Cellular events during the progress of the restrictive lung diseases

Persistent injury causes activation of the macrophages. Macrophages secret chemoattractants like IL8 (interleukin 8) and LTB4 (leyukotrine B4). These substance recruit and activate neutrophils.

Oxidants and proteases released by the activated macrophages and neutrophils cause injury to the alveolar epithelium and breakdown the interstitial connective tissue.

Damaged epithelial cells result in reduced Type I pneumocytes and proliferation of the type II pneumocytes. These cells also secret chemical substances for example macrophage chemotactic protein 1. This protein recruits more macrophages which in turn amplify the inflammatory process. Pneumocytes also release Platelet derived growth factors (PDGF) and Transforming Growth Factor Beta (TGFB) which activate the fibroblasts and increase fibrosis.

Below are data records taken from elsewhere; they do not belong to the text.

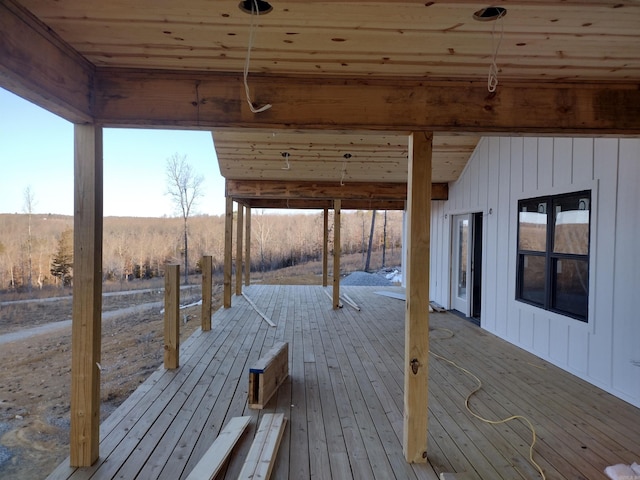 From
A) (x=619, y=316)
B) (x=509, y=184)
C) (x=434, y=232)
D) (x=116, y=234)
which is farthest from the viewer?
(x=116, y=234)

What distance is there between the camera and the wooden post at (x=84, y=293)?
224 centimetres

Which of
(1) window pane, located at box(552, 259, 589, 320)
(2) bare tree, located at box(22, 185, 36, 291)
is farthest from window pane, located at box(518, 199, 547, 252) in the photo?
(2) bare tree, located at box(22, 185, 36, 291)

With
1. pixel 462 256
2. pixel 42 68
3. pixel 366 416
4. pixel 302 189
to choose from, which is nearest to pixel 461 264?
pixel 462 256

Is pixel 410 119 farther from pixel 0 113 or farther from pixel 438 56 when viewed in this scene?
pixel 0 113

Active macrophages also release fibrogenic factors. These factors include transforming growth factor Beta, fibroblast growth factor, and platelet derived growth factor (PDGF). These growth factors attract fibroblasts and activate them. Activated fibroblasts trigger the repair and scarring process resulting in the fibrosis.

With persistent injury, lymphocytes, macrophages, and neutrophils become involved. These active cells cause parenchymal damage. Resulting inflammation causes fibroblasts to proliferate and make more elastic and collagen fibers. Local damage also causes scarring. The result is interstitial fibrosis.